- Dataset content:

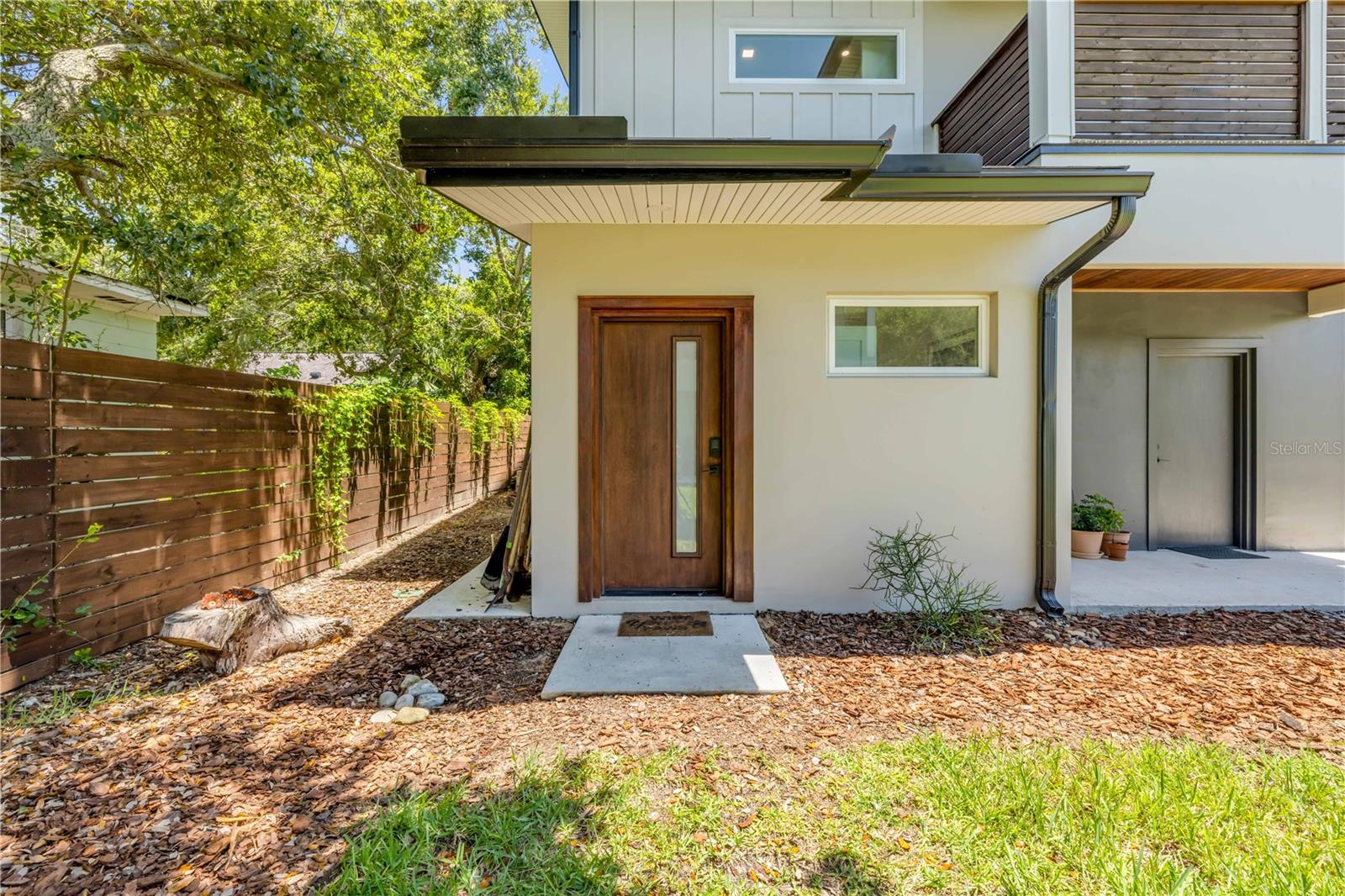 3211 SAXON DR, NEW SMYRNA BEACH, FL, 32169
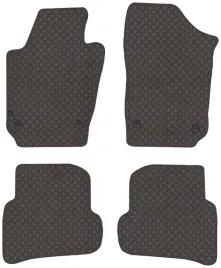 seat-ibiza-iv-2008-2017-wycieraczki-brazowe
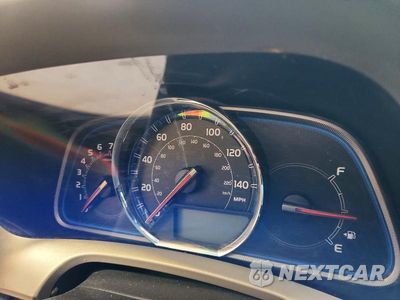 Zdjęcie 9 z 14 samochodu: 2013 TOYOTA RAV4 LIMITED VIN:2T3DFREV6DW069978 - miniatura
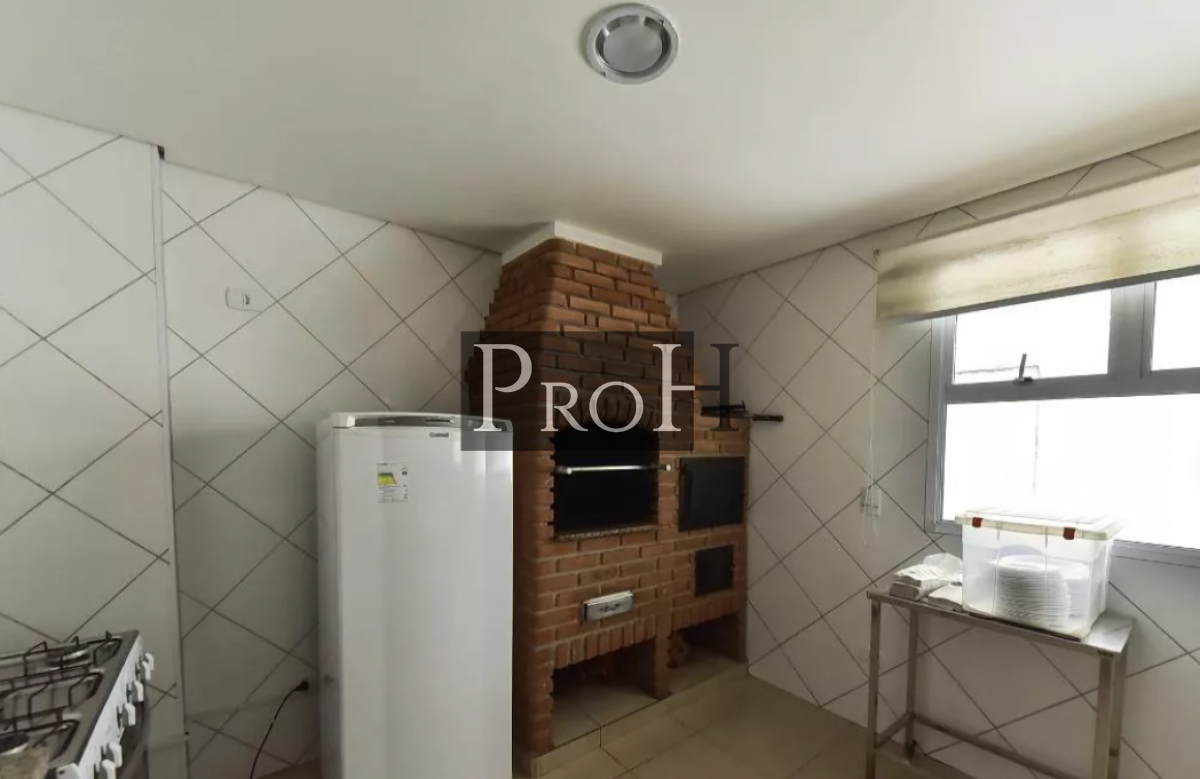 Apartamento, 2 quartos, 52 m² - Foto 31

- Exercise directions:
Only the lines from the line holding "seat-ibiza-iv-2008-2017-wycieraczki-brazowe" through the last line above belong in the answer, repeated exactly; the pictures do not.

- Exercise solution:
 seat-ibiza-iv-2008-2017-wycieraczki-brazowe
 Zdjęcie 9 z 14 samochodu: 2013 TOYOTA RAV4 LIMITED VIN:2T3DFREV6DW069978 - miniatura
 Apartamento, 2 quartos, 52 m² - Foto 31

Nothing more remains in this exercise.